There were just 3 days of work this week before we were to head back to Salamaua for our mid-project break. Monday saw the pouring of the concrete which was quite a fun day and we all got involved in mixing and shovelling. It was the most physical work we'd had in weeks. I got a bit carried away with the cement mixer imitation when Angus and I got into a really got mixing rhythm, but ended up feeling my wrist go and had to stop which was disappointing. More and more I'm realising my masochistic tendencies...! I was starting to struggle a bit emotionally today too so in the evening I headed down to the phone signal with Adam to contact home. Quite an adventure in the dark, walking 20mins or so down the river bed, through streams, over logs and ending up walking along the stream before a sharp climb up a muddy hill with a steep drop to one side and arriving at a house, where you can stand in an approx 2m square and point your phone across the valley to get one bar of signal. It was great to hear from family though and that cheered me up no end. Unfortunately the wet walk did my leg burns no good and they were all opened up and disgusting for days!

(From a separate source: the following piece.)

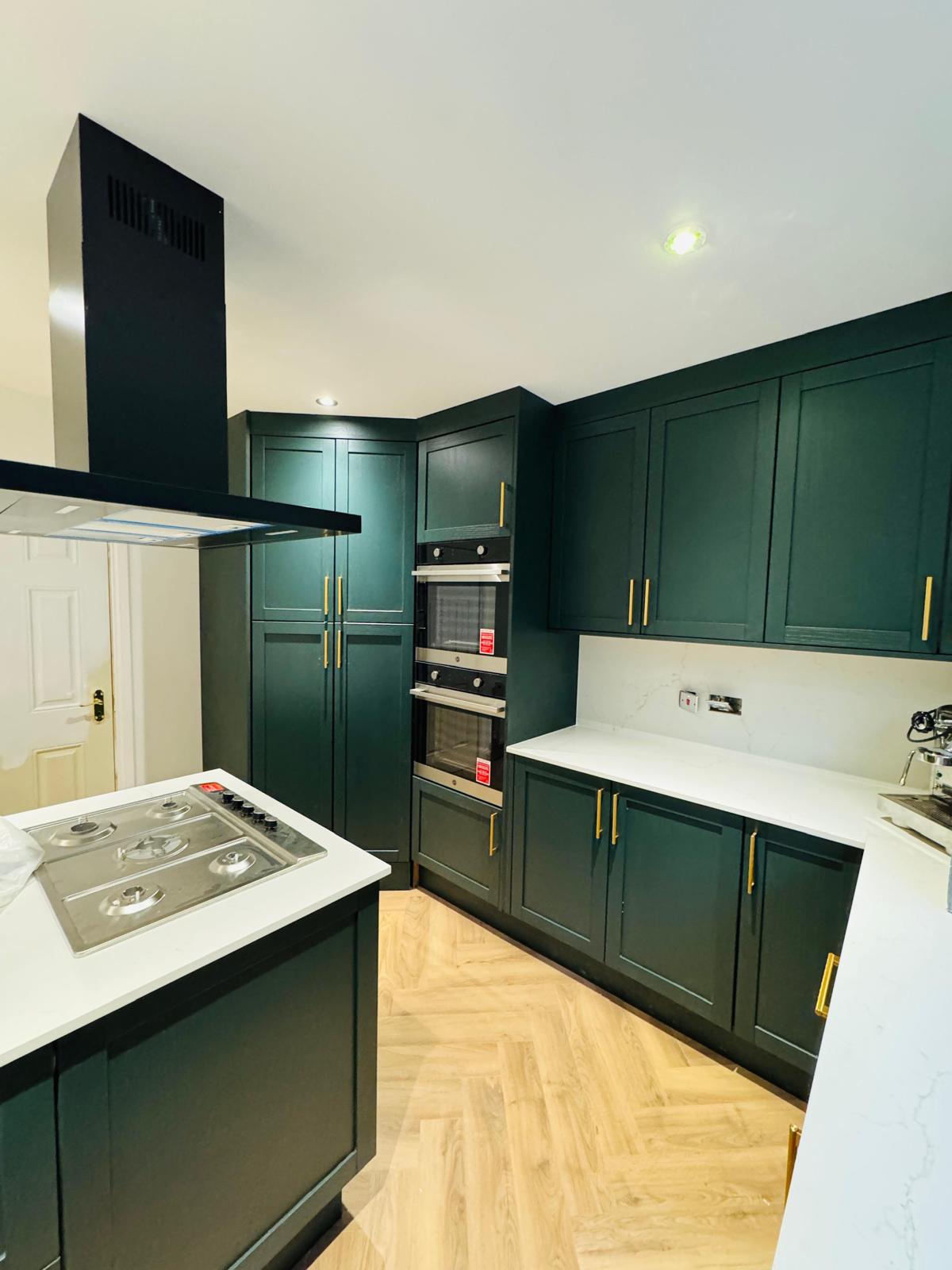 Green shaker kitchen detail with gas hob and marble worktop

On Wednesday we went and finished our outfits for the party. All the women got involved and made various herby smelling necklaces and bracelets for us and gave us bilums to wear as tops. The boys had not yet sorted their costumes, so ended up getting the women to help them too. once we were all dressed they made us do a mini sing sing and dance around the volleyball court. Priscilla had brought Mark up to watch and he was also dressed up in a really cute PNG outfit with grass skirt (no nappy of course!) and dog tooth head band - adorable!
Thursday saw an early start - 5am - for our trek back to Salamaua. Not that it mattered, the heavy rain all night had meant I hadn't really slept anyway, worrying that everything would be soaked and I'd be lugging a double-weight soggy backpack down the river! The rain brings out the flying ants too, which can squeeze through the mossie net holes, so I normally played the "how many can you squash in your book?" game when they congregated round my head torch - all very well when its your own book, but you have to remember not to play the game when reading borrowed books!
It wasn't the most fun walk, I had a bit of "the trench" going on with my feet and open burns on my ankles which really hurt, and 4 hours in sodden socks and boots really doesn't help feet recover! So I headed out on a very grumpy and painful trudge down to Salamaua, kept going only by the thought of no jungle boots for 3 whole days when we got there and the party the following night!!